Archive for the ‘Uncategorized’ Category
Friday, April 29th, 2011
By Ernst Gemassmer
Most of us have travelled abroad and experienced the challenges and frustrations of getting what we want without being laughed at or insulting our hosts. Similar issues prevail when doing business in other countries, cultures and languages. Even if you think your business is all local, multi-ethnic sensitivities are more relevant than you may think, including the US.

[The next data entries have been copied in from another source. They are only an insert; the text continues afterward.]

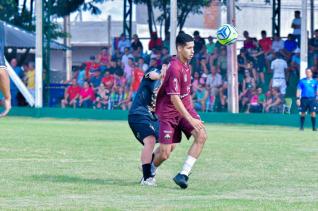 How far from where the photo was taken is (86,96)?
123 feet

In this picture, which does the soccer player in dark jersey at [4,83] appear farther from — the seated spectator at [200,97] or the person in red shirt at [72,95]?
the person in red shirt at [72,95]

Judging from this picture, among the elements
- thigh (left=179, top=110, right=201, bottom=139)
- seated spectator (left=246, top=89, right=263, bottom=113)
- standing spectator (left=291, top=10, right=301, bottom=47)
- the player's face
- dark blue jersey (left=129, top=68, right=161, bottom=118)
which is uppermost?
standing spectator (left=291, top=10, right=301, bottom=47)

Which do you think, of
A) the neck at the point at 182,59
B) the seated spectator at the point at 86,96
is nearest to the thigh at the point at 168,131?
the neck at the point at 182,59

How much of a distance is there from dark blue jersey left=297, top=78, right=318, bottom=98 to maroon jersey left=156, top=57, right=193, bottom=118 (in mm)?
18311

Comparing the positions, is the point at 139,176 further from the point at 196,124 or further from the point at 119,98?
the point at 119,98

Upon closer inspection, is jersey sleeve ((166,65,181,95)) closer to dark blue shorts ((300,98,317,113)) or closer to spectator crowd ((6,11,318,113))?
dark blue shorts ((300,98,317,113))

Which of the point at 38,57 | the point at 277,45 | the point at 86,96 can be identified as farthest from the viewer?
the point at 86,96

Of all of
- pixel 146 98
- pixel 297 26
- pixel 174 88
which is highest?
pixel 297 26

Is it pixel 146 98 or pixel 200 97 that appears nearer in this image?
pixel 146 98

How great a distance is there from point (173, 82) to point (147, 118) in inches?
36.5

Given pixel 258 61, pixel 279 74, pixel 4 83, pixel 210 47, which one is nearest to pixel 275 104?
pixel 279 74

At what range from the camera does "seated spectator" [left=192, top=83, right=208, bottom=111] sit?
113 ft

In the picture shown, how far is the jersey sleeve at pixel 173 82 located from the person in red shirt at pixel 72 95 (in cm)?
2558

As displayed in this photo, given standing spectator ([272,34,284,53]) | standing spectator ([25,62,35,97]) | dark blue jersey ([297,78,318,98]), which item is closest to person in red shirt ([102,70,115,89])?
standing spectator ([25,62,35,97]) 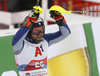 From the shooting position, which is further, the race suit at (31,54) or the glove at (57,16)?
the race suit at (31,54)

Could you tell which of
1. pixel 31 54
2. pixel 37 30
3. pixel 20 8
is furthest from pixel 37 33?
pixel 20 8

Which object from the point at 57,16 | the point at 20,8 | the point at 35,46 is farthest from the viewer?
the point at 20,8

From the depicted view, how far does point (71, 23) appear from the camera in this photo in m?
2.86

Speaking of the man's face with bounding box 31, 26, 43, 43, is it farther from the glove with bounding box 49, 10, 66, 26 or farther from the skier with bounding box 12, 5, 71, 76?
the glove with bounding box 49, 10, 66, 26

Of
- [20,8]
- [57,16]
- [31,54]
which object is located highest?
[20,8]

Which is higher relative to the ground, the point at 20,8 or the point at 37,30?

Although the Internet gives you pervasive reach, it hasn’t reduced the world to one locale for your business. The international opportunity is large, as I related in an earlier article, but there are some major challenges as well. Here are a few examples from my personal experience:
1. You need to translate/localize your products. I was once asked by a top executive of a major software company why we were not selling more products in Finland. I informed him that we needed to translate the software into Finnish at a cost of $50,000. He did not seem to understand that Finland was not part of Scandinavia and that English is not too well understood by most people there (with the exception of the Swedish-speaking minority in Finland). He could not be persuaded to commit the funds required for localization. Thus, we did not translate the product and sales remained at an insignificant level. Translation not only increases sales, but in many countries it is required by law.

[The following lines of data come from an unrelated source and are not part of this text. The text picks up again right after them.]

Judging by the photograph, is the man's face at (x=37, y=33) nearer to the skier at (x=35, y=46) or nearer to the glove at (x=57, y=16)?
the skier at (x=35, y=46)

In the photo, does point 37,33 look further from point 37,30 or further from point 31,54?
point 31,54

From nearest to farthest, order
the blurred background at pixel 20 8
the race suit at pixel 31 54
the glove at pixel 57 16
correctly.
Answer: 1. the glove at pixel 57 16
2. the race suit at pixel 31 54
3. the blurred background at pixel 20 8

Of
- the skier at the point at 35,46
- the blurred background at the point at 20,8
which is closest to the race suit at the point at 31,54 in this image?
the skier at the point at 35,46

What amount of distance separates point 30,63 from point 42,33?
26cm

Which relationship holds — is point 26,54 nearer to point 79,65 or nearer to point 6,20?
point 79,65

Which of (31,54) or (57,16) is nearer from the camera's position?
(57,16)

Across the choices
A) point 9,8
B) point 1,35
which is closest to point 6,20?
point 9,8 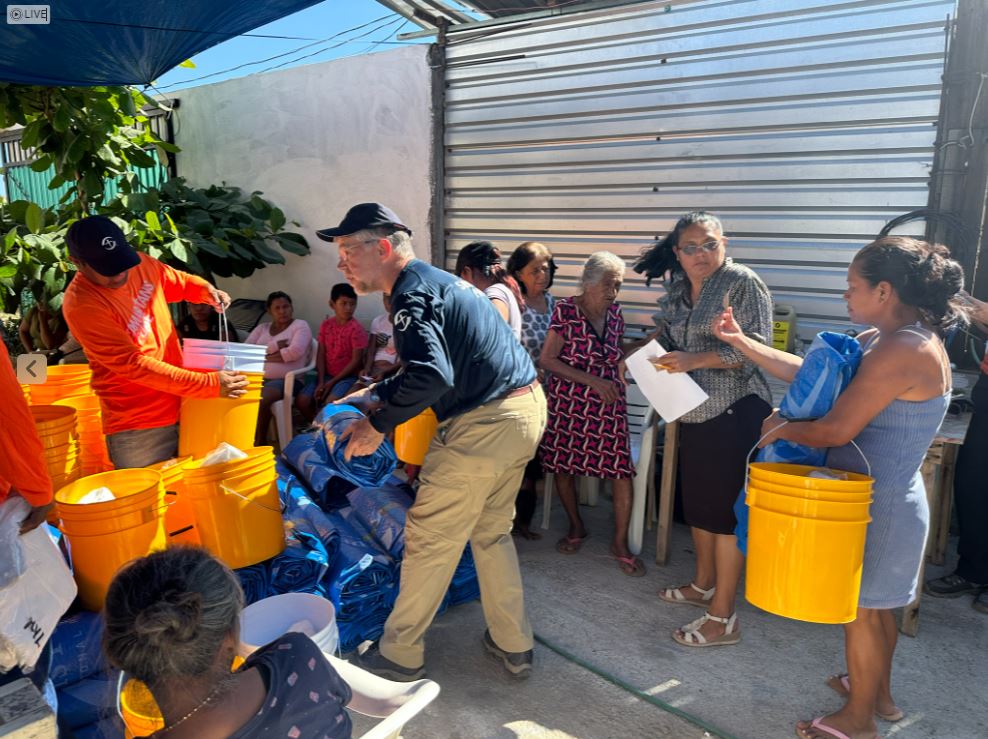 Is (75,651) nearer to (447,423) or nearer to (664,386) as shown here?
(447,423)

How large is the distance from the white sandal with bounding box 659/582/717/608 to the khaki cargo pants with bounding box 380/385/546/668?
944 mm

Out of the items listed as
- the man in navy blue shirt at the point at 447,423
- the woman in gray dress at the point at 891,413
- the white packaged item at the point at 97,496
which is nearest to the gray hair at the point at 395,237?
the man in navy blue shirt at the point at 447,423

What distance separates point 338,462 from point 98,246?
1.59 metres

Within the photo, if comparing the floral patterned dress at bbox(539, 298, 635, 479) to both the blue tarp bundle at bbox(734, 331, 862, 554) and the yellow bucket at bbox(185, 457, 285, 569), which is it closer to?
the blue tarp bundle at bbox(734, 331, 862, 554)

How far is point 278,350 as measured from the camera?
6195 millimetres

2. Local laws prevail. Some years ago Brazil had a major balance of payments deficit. Therefore Brazil made it difficult to import products from abroad. Corporations were encouraged to export from Brazil to generate foreign currency and they were allowed to keep a portion of the foreign currency. Companies became creative by selling and trading foreign exchange licenses. Our own subsidiary, of a major technology company, started to repair and service competitive products in order to maintain our own technical staff and service capabilities. Thus, when the government creates restrictions, think out of the box. Managing foreign exchange reserves is every bit as challenging as managing a family budget. Brazil is now a powerful country, but similar examples still prevail in many developing nations.
3. Respect local customs and practices. A successful sales person wanted to become more familiar with the international market and requested a transfer to the Latin American sales group, based in the US. I counseled the department manager against hiring since she would be subject to personal challenges in selling to our partners in Latin countries. Eventually I relented and she joined the group.

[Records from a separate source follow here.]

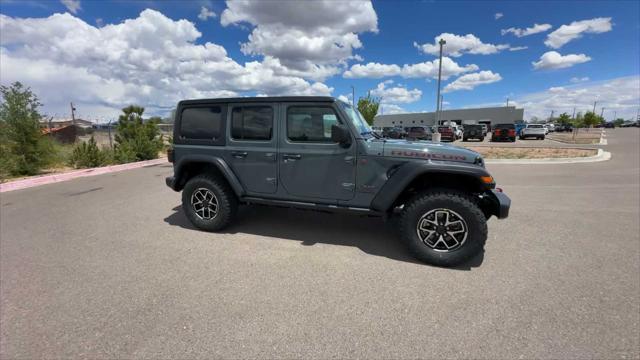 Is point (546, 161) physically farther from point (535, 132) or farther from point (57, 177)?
point (535, 132)

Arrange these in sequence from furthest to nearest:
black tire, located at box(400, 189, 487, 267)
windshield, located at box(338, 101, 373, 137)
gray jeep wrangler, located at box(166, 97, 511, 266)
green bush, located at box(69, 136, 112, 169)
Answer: green bush, located at box(69, 136, 112, 169)
windshield, located at box(338, 101, 373, 137)
gray jeep wrangler, located at box(166, 97, 511, 266)
black tire, located at box(400, 189, 487, 267)

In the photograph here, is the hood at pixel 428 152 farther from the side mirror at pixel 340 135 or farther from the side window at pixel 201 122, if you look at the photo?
the side window at pixel 201 122

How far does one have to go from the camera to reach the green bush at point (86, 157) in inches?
448

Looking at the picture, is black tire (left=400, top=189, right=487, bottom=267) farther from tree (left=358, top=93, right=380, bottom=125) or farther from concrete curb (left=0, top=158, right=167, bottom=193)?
tree (left=358, top=93, right=380, bottom=125)

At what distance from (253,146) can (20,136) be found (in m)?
10.2

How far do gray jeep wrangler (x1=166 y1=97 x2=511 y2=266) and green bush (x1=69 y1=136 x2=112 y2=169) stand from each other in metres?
9.60

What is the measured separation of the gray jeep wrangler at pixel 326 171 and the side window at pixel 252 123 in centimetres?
1

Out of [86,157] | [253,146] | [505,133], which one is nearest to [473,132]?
[505,133]

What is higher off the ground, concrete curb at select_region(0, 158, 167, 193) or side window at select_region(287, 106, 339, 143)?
side window at select_region(287, 106, 339, 143)

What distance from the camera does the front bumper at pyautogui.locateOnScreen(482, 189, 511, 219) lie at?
326 centimetres

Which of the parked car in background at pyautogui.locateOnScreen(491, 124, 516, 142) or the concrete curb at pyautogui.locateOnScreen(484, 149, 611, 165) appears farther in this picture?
the parked car in background at pyautogui.locateOnScreen(491, 124, 516, 142)

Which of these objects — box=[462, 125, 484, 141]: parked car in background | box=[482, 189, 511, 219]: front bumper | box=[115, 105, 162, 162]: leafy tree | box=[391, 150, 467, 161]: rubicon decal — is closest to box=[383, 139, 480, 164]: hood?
box=[391, 150, 467, 161]: rubicon decal

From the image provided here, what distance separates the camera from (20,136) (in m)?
9.41

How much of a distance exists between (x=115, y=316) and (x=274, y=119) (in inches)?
104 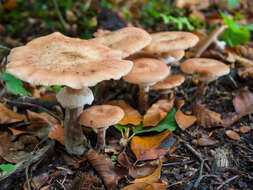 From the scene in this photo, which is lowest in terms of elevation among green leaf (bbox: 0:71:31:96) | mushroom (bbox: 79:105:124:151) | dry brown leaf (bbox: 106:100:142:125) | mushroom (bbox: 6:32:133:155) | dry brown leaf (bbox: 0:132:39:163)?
dry brown leaf (bbox: 0:132:39:163)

Unfortunately my prediction turned out to be true, she felt harassed by one or more of our business partners and left the group shortly thereafter. Even though we had agreed to provide her an equal opportunity to pursue her goals, we could not protect her from the different perspective on comments and advances in Latin America. Thus, hiring decisions should be made carefully, after fully understanding local practices. Although most Latin American countries have significantly improved working environments for women, few companies would yet dare send a women employee to work in Saudi Arabia.
4. HR rules are local. I had organized European operations into regions and the country manager for Italy reported to the central European manager based in Germany. This organizational structure worked well until the two senior managers got into a shouting match and the Italian manager indicated that he was resigning.
His manager accepted his resignation and documented the case in the personnel files. Shortly after leaving the company we were notified that the Italian ex-employee was suing us for creating an unacceptable working environment, which led to his resignation. We retained legal council in Milan and were advised that we would loose if the case went to trial. After some painful negotiations we settled the case out of court for a twelve-months severance payment. When hiring staff internationally, always be well informed about local laws and prevailing practices. Not following this advice can be very costly. Although labor laws are increasingly unified in the European Common Market, major differences are still encountered in many countries. Proceed with caution.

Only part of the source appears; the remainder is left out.